On Wed, Apr 16, 2014 at 03:06:03PM +0100, mick wrote:
On Wed, 16 Apr 2014 14:49:21 +0100 Chris Green cl@isbd.net allegedly wrote:
I've just been discussing with my son exactly what is (seriously) compromised by the Heartbleed bug.
I can understand the basics, it means that something encrypted using SSL (i.e. HTTPS protocol connections) can be decrypted by someone who shouldn't be able to do so.
Sorry, but no, you have this wrong.
Ah, that would explain why I couldn't understand why it is such a serious vulnerability.
The heartbleed vulnerability is much nastier that you believe. It alllows reading of arbitrary 64K chunks of memory on any system running an application which is linked against a vulnerable version of openssl.
So it's actually an exploit of a specific connection protocol within SSL that's sort of intended for debug/test/admin sort of things?

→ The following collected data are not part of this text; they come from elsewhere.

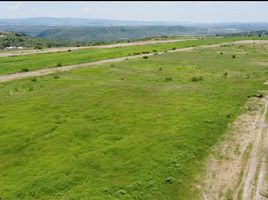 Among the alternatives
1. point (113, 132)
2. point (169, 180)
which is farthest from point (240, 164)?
point (113, 132)

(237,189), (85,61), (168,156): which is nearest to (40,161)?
(168,156)

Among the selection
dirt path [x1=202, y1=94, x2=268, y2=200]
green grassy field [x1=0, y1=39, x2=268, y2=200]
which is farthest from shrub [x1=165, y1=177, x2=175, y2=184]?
dirt path [x1=202, y1=94, x2=268, y2=200]

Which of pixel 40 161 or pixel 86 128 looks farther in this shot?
pixel 86 128

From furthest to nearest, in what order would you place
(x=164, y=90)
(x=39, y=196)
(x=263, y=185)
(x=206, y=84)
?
1. (x=206, y=84)
2. (x=164, y=90)
3. (x=263, y=185)
4. (x=39, y=196)

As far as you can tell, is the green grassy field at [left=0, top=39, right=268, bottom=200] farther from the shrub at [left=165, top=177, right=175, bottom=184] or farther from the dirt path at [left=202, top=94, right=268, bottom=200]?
the dirt path at [left=202, top=94, right=268, bottom=200]

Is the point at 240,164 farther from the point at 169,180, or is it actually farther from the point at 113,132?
the point at 113,132

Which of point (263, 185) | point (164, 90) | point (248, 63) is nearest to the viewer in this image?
point (263, 185)

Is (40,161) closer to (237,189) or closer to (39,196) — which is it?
(39,196) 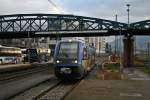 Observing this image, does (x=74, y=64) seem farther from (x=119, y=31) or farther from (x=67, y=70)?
(x=119, y=31)

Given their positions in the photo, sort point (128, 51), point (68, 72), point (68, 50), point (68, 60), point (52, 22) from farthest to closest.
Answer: point (52, 22), point (128, 51), point (68, 50), point (68, 60), point (68, 72)

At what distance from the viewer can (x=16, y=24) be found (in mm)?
101625

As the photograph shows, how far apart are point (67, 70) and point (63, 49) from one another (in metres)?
1.63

The original "hearbeat" code was meant to allow a
client/server interaction of the form "are you still awake?". The bug allowed an attacker to send the heartbeat requests but ask for (and get) up to 64 K of contents of RAM. Continued polling would get continued chunks of memory. So if that chunk of RAM contained sensitive data (as it could) then bang you are dead.
So the hacker would simply 'ask' any old system (by sending an SSL packet or sequence of packets) for the contents of its RAM - oooh! I can see that would open up rather more vulnerabilities than just the odd username/login.